Retired judge warns of the lack of safeguards in the power of attorney system in England and Wales
Denzil Lush, a retired senior judge, says people should be far more aware of the risks of giving powers of attorney and that the appointment of deputies by the Court of Protection has more safeguards. The power of attorney is a legal document, which allows someone to make your financial decisions when you can no longer do so.
Last year, almost 650,000 applications were made to register the document and there are 2.5 million currently registered, according to an item on the BBC.
For 20 years Mr Lush was the senior judge in the Court of Protection, which looks after the interests of people who do not have the capacity to look after themselves. He has adjudicated in 6,000 power of attorney cases.

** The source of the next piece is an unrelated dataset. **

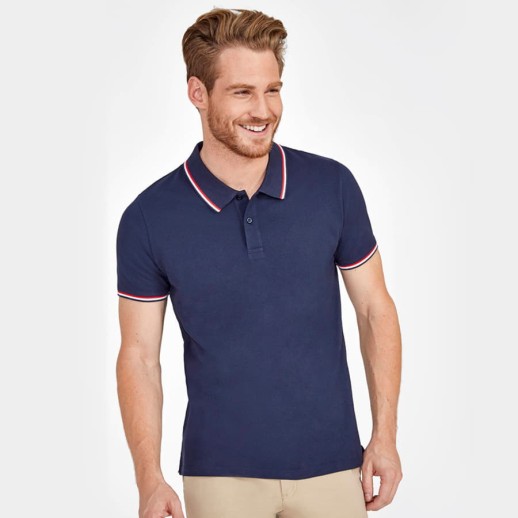 Поло PRESTIGE MEN 200 -  702949.319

Mr Lush described the encouragement to sign powers of attorney as a “crusade” by the Ministry of Justice (MoJ), which “demonised” the legal alternative - the appointment of deputies by the Court of Protection itself. Mr Lush said there is far more scrutiny from the outset with a deputy as they have to provide a full list of assets, and annual accounts. Deputies also have to provide a security bond, which can be easily claimed if there is a problem with money being spent inappropriately.
The Ministry of Justice responded: “Safeguarding vulnerable people is our priority. We take swift action if any abuse is reported and have a zero tolerance approach to any attorney or deputy who breaks the law.”